Being properly kitted out for running in cold weather goes a long way in the fight for motivation to get out and actually run. Keeping as dry, comfortable, and warm as possible is key out on the trails. In this post I’ll cover my personal choices in trail running gear for Winter.
As a note, this list is likely to change a fair bit if you’re in an area that gets extreme Winter conditions. I’m based in the UK, and it quite rarely snows where I live. Winter conditions do regularly get to just below zero and there is often a lot of cold, wet weather to deal with.
Three Winter Conditions To Contend With
There are three main areas I focus on when choosing my trail running gear for Winter.
- Light conditions (i.e. running in the dark)
The first eureka moment I had was using light, moisture wicking fabrics for all seasons of running. This helps prevent chafing and keeps you dry.
In Winter this becomes even more important as the cold and wet really don’t go well together.
I have a few different “base layers” that I use (top and bottom). The top baselayer is always long-sleeved. A tight fit is also important to me, as I find it restricts the fabric’s movement, which in turn helps prevent nipple chafe.
Baselayer / Top
My baselayer and top choices for Winter are now the following:
- Odlo performance light long-sleeve baselayer top + any old t-shirt for extra cover/warmth.
- A generic long-sleeve baselayer top + any old t-shirt for extra cover/warmth.
- A few different golf t-shirts that are made from 100% polyester (combined with long arm-warming sleeves which keep my arms warm with just the t-shirts).
For extra warmth instead of throwing a t-shirt over the baselayer, I’ll add a long-sleeve (mostly polyester) top.
The polyester stuff is best to avoid moisture retention. It dries a lot quicker in the wind than what cotton does, and is better to avoid chafing.
For the bottom, I actually switch between running shorts and full-length polyester bottoms depending on how cold it is. Most of the time I can actually run in shorts as I don’t get too many issues with cold legs when running.
- Asics running shorts (polyester/elastane). Sometimes combined with full-length compression socks for longer, colder runs
- Full-length polyester running bottoms, with loops at the bottom end for holding them under my feet (keeps them from riding up)
- Odlo Element Warm tights (full-length)
Trail Running Gear For Winter – Rain Jacket and Gadgets
I use a very cheap and cheerful running rain jacket for now. It’s lightweight, wind resistant, and has a hood that can be pulled tight to cover up most of my face if needed.
Admittedly, this is one area I could do with an upgrade on though as it’s not the best in terms of water resistance! I’ve got my eyes on something from Odlo like this zeroweight pro warm reflect running jacket.

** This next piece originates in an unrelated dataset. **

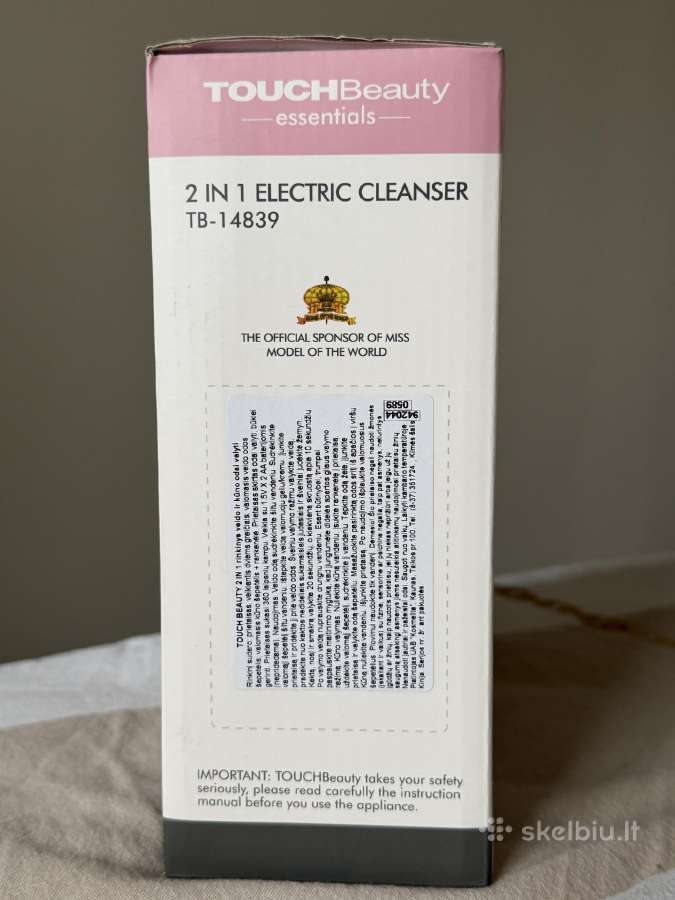 „Touchbeauty 2 in 1“ elektrinis veido ir kū - nuotraukos Nr. 2
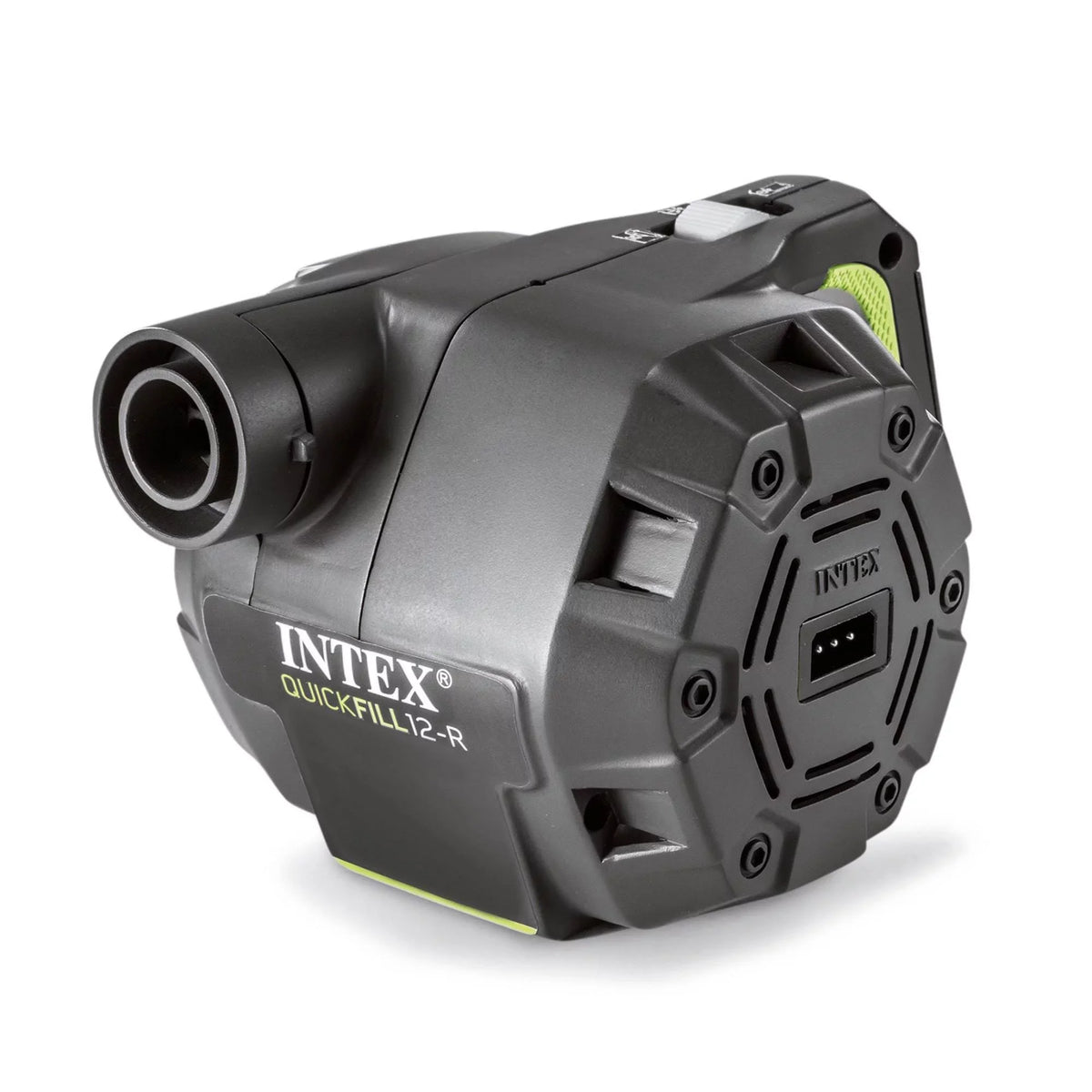 Inflatable Quick Bed Fill Intex 66641E Rechargeable 120 V Air Cordless Pump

The important points to consider here are of course water and wind resistance, as well as keeping it as lightweight as possible.
To cope with low-light and night running, I’ve got a couple of different head torches, as well as a small handheld torch.
The head torch gives me a wider, directional arc of light, and I sometimes use a small handheld LED torch to give me specific pointable direct light that I use to help avoid sudden holes, tree roots, ditches, etc…
I used a Petzl Tikkina Headlamp which has around 150-200 lumens of brightness and a wide beam. The handheld LED torch is really small, and takes a single AAA battery. It’s perfect for pointing right out in front of me, or ahead for a bit of extra brightness.
Hands / Gloves / Underwear
For gloves, I use thin polyester fabric types with grippy palm/fingers. Trying to hold things or tie shoelaces with thick gloves in an almost impossible task. Thin gloves help here to retain as much agility in the fingers as possible.
The main objective here is to make sure that they’re reasonably waterproof and don’t let too much air through. An extra bonus is they are capacitive touch ‘enabled’. That is they work with touchscreen devices. Very useful if you need to use a smartphone or capacitive touchscreen watch during a run.
I can only comment on men’s underwear for running, but the two that I’ve taken a liking to are Runderwear and Danish Endurance. The Danish Endurance briefs are more cotton, but they’ve not given me any chafing issues.
The Runderwear briefs have a grippy inner lining that prevent them from riding up your legs. I use these for longer runs, but in terms of general comfort I prefer the Danish Endurance ones.
Using layers in Winter is key, as is keeping the layers air tight and of a material that is as moisture wicking as possible.